Hogan Lovells, having been active in Africa for decades and a keen supporter of African art and culture, sponsored the exhibition which runs until Dec 15 2016. 

Commenting on the global firm’s interest in Nigerian Art, Head of the Africa practice Hogan Lovells and Board member of the Smithsonian National Museum of African Art, Andrew Skipper said: “Hogan Lovells has great respect for Africa and the Art of Africa. We support African culture for its uniqueness, beauty, and transformational quality. Professor Bruce is an inspiring artist and teacher whose works we are in awe of and who is changing the lives of the disempowered people across Nigeria who he trains.”

Skipper further noted: “Nigeria is one of the key markets we operate in and when you understand the culture of people it is easier to do business with them.”

The Harmattan workshop was birthed in 1988 by Onobrakpeya when he decided to launch an informal training initiative for artists. 

According to Onobrakpeya, “The Harmattan workshop is an alternative source of art education. The artists have the freedom to express themselves without being bogged down by academic settings or expectations and are actually able to develop themselves. People in the rural areas also get access to learning that they would not normally have, and we are discovering people who are able to use their art to tell stories.”

During the press conference, there were several discussions about the potential importance of Art to the Nigerian economy as an alternative source of income, as well as the need for more corporate entities to invest in Art and Culture by supporting informal education centers and developing art in Nigeria.

The President of the Lagos Court of Arbitration, Yemi Candide-Johnson expressed the Lagos Court of Arbitration’s willingness to continue supporting Art & Culture in Nigeria, noting that the LCA opens its doors to art lovers to showcase art work, while challenging other corporates to do same. 

Commending Hogan Lovells sponsorship of the initiative, he said “Sponsorships like this shouldn’t be a one time initiative. It is important to find sponsors who are in it for the long term and Hogan Lovells is filling a huge vacuum in this regard by lending their support to this initiative.” 

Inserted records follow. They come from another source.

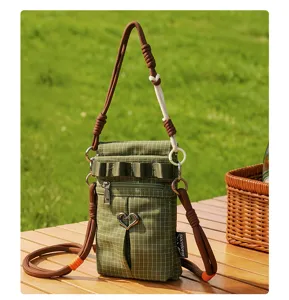 Détail de sac bandoulière à carreaux avec pendentif cœur et bandoulière en corde.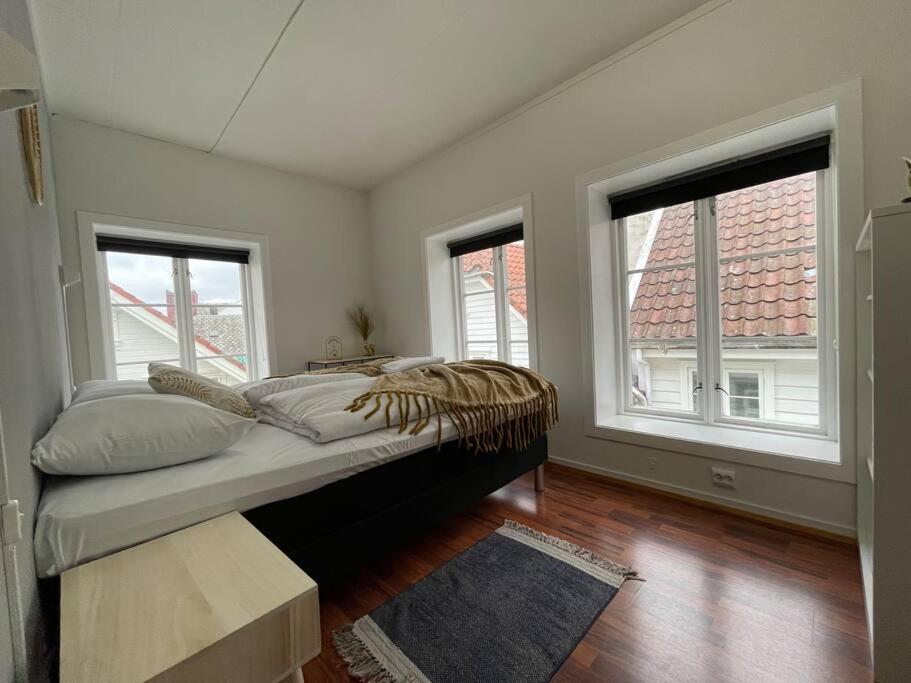 um quarto com uma cama num quarto com janelas em Stavanger BnB 15 by Berti's ( Centrum, Sauna, Billiard, Airport Shuttle) em Stavanger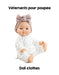 Doll wearing a white outfit with a bow on a white background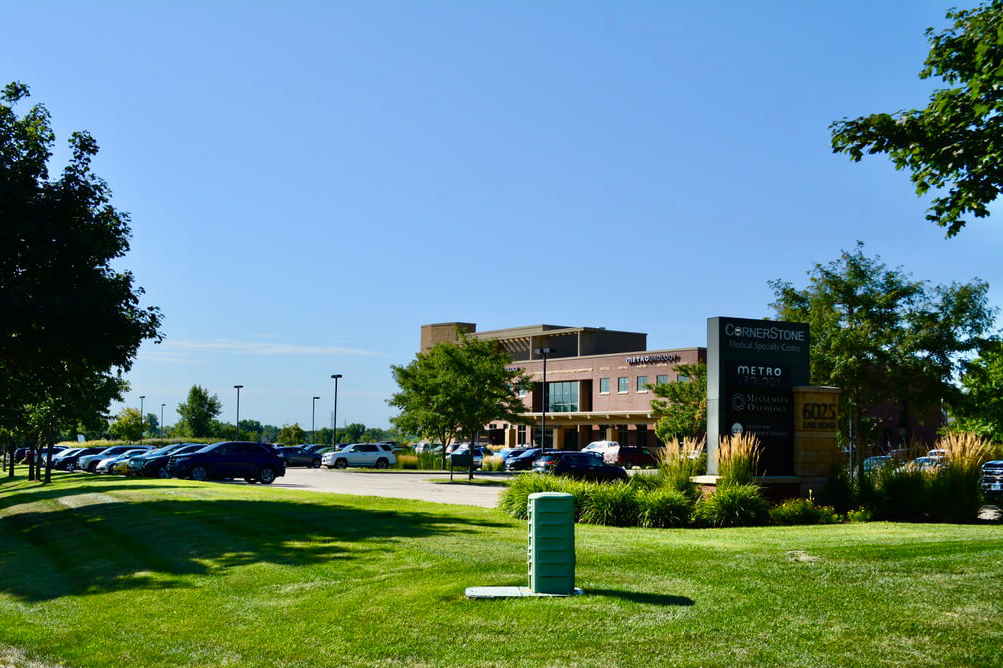 freshly mowed grass outside a commercial building - Spade Landscaping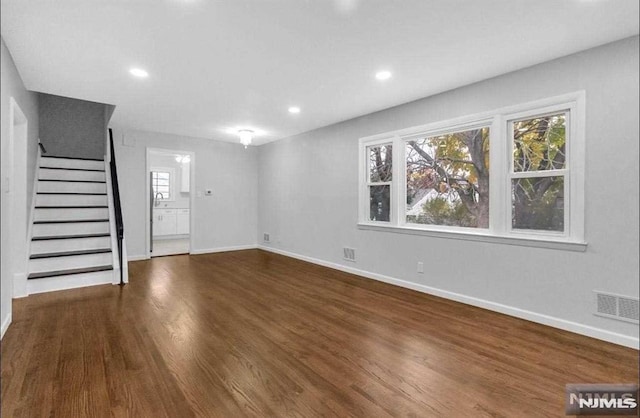 unfurnished living room with dark wood-type flooring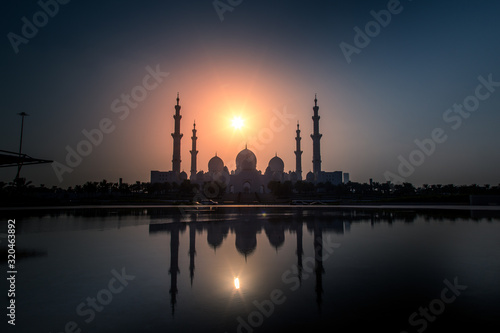 The Sheikh Zayed Grand Mosque with reflection on water and a beautiful golden hour sunset view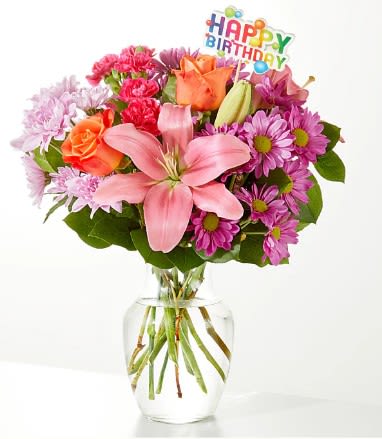 Mixed pink and orange flowers in a clear glass vase with a birthday topper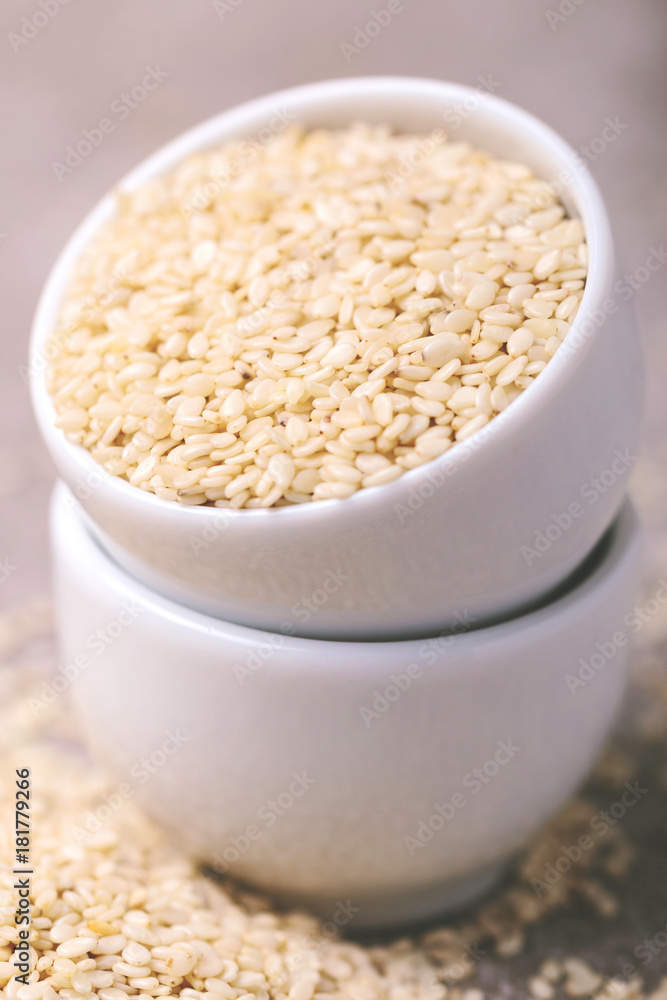 White sesame seeds. Copy space. Horizontal view. White sesame seeds. Copy space. Horizontal view.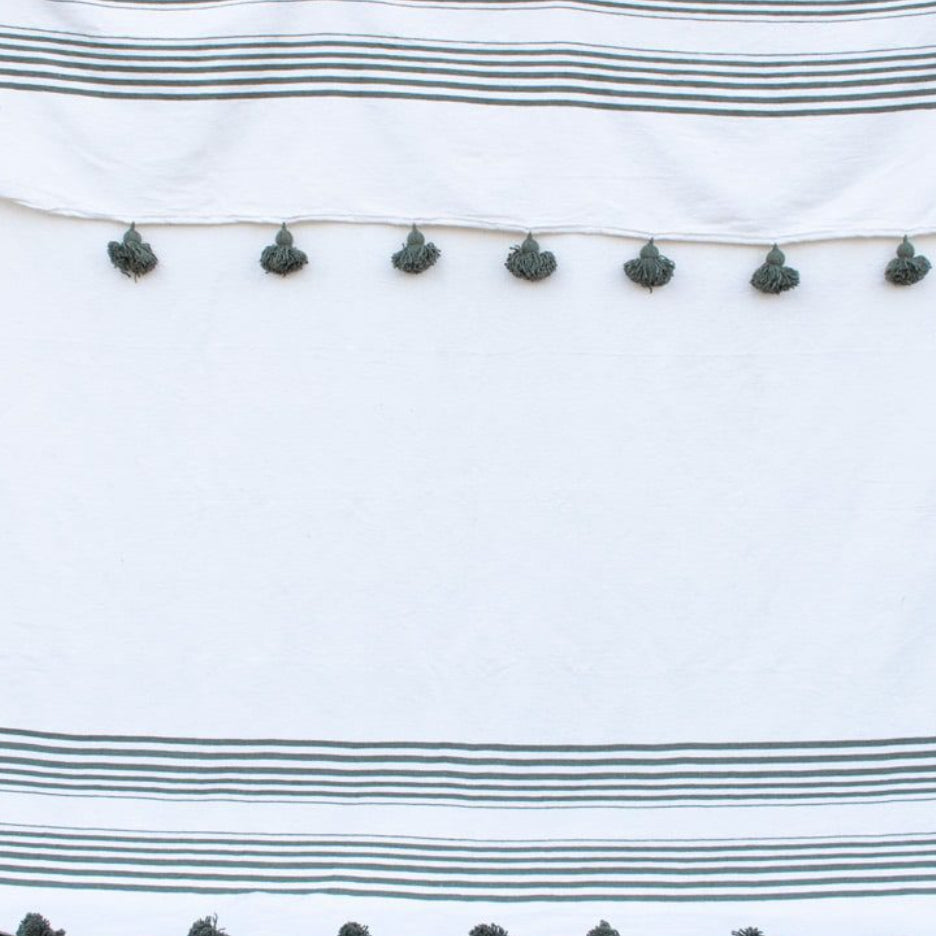 Manta blanca con lineas y pompones verdes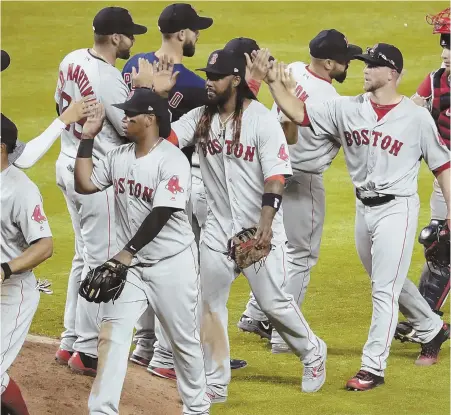  ?? AP PHOTO ?? ROLLING ALONG: The Red Sox celebrate after beating the Marlins last night in Miami.
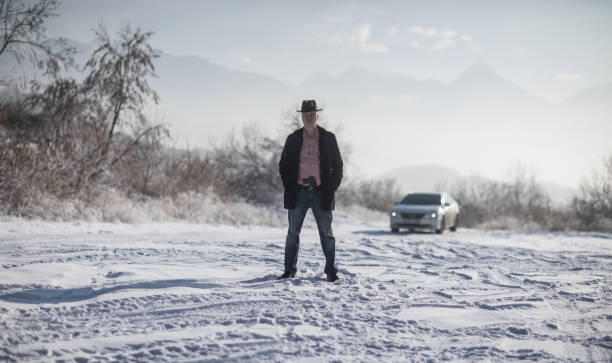 istock crime man with gun outdoors, winter 1124532322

Skipper reiterated Hogan Lovells commitment to investing in Nigeria despite the current economic challenges, “Hogan Lovells has a global view. We look at things in the long term and we know that Africa will be strong so it is critical for us to be here. Nigeria is a country where you simply cannot Not be in, and we are here for the long term”. 

The Harmattan workshop exhibition showcased 34 important artworks, highlighting Onobrakpeya’s artistic career spanning over 50 years, along with over 200 paintings, sculptures, ceramics and mixed media work created by 124 Nigerian and International artists who have attended the Harmattan workshops in Agbarah-Ottor, Delta State since 1998.